SPIRE Server Plugins
Three plugins run inside the SPIRE Server:
-
ssh-credential-composer (CredentialComposer) intercepts credential minting. When the server issues an SSH SVID, this plugin encodes Shellstream extensions into the SSH certificate's critical options, embedding governance metadata (intent ID, ceremony outcome, SAT hash) into the cert itself.
-
governance-notifier (Notifier) receives SPIRE lifecycle events (bundle updates, registration entry changes, SVID rotations). On relevant events, it calls GovernanceService to create or update MutationIntents, and may trigger CeremonyService flows for operations requiring multi-stakeholder approval.
-
substrate-keymanager (KeyManager) manages the signing keys used by the SPIRE Server. It stores key material with governance-aware lifecycle management, ensuring key rotations are captured as auditable intents.
Guildhouse gRPC Services
All plugin-to-service communication uses mTLS via SPIFFE SVIDs. The plugins themselves hold SPIFFE identities and authenticate to Guildhouse services through mutual TLS.
| Service | Package | Plugin Consumers |
|---|---|---|
| GovernanceService | quartermaster.v1 |
governance-notifier, ssh-credential-composer |
| NotaryService | quartermaster.v1 |
governance-notifier, ssh-credential-composer |
| CeremonyService | bascule.v1 |
governance-notifier |
Data Flow: SSH Certificate Issuance
- A workload calls the SPIRE Workload API requesting an SSH SVID.

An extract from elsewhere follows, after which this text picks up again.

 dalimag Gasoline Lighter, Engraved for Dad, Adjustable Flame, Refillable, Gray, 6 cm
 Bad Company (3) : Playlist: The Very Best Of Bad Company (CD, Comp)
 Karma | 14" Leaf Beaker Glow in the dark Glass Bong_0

- The SPIRE Agent invokes oidc-attestor, which discovers and verifies the workload's OIDC token and returns selectors.
- The agent matches selectors against registration entries and forwards the request to the SPIRE Server.

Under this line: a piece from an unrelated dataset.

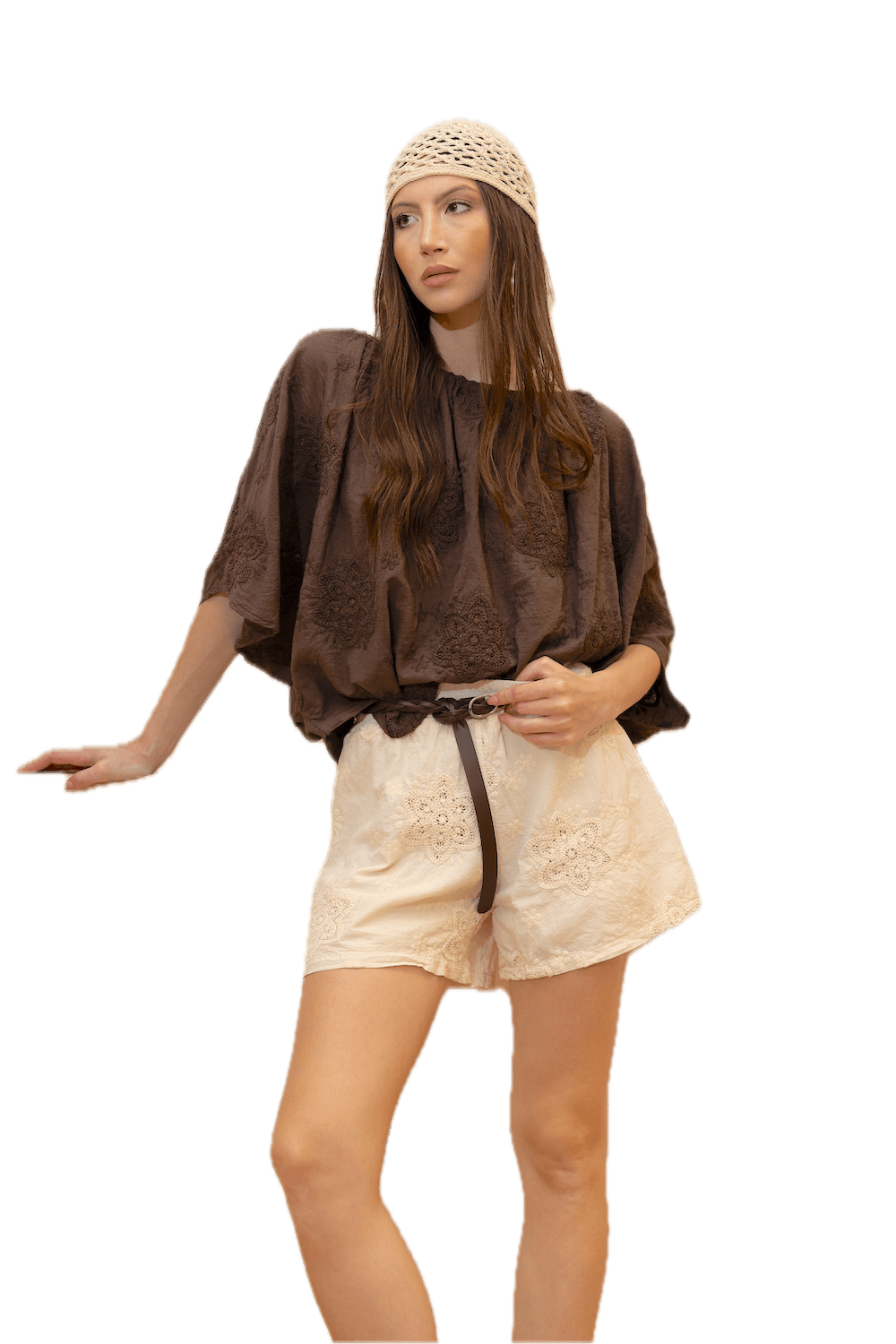 Saiph dark brown shirt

- The server invokes ssh-credential-composer during credential minting.
- The composer calls GovernanceService.CreateIntent to record the SSH cert issuance as a MutationIntent.
- If the intent requires approval, CeremonyService.CreateCeremony is called and the flow blocks until approval.

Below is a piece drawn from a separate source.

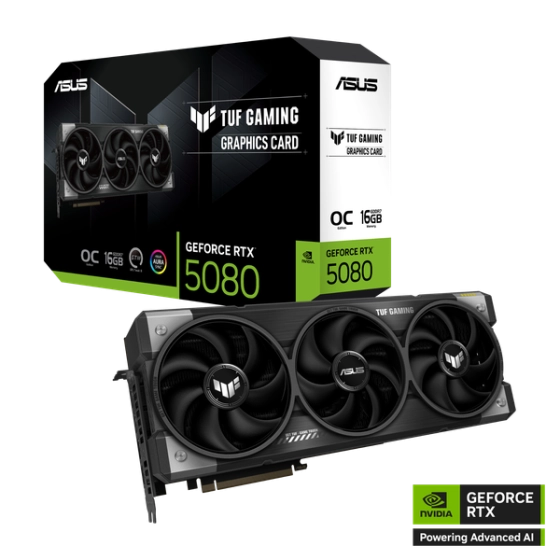 VGA ASUS RTX 5080 TUF Gaming OC 16GB GDDR7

- The composer constructs a MutationEnvelope (RFC 8785 JCS canonicalization, domain-separated SHA-256 hash), which becomes a merkle leaf.
- NotaryService.CreateAnchor anchors the envelope hash into the merkle tree.
- The composer encodes Shellstream extensions into the SSH certificate's critical options (intent ID, SAT hash, ceremony result).
- The signed SSH certificate is returned to the workload through the agent.
Package Map
guildhouse-spire-plugins/
cmd/
oidc-attestor/ # WorkloadAttestor plugin binary
ssh-credential-composer/ # CredentialComposer plugin binary
governance-notifier/ # Notifier plugin binary
substrate-keymanager/ # KeyManager plugin binary
pkg/
shellstream/ # Encode/decode SSH cert Shellstream extensions
oidc/ # OIDC token discovery and verification
governance/ # GovernanceService + CeremonyService client
sshcert/ # SSH certificate construction helpers
config/ # Shared plugin configuration loading
proto/
quartermaster/v1/ # governance.proto, notary.proto, credentials.proto
bascule/v1/ # ceremony.proto
specs/ # Formal specifications (read-only reference)
deploy/ # Kubernetes manifests and Helm values
test/ # Integration tests and fixtures
Proto Dependencies
| Proto File | Service | Package |
|---|---|---|
governance.proto |
GovernanceService | quartermaster.v1 |
notary.proto |
NotaryService | quartermaster.v1 |
credentials.proto |
Credential types | quartermaster.v1 |
ceremony.proto |
CeremonyService | bascule.v1 |
Generated Go code from these protos lives alongside the .proto files or in a generated output directory. The pkg/governance package wraps the raw gRPC stubs with higher-level client logic (retries, circuit breaking, intent lifecycle management).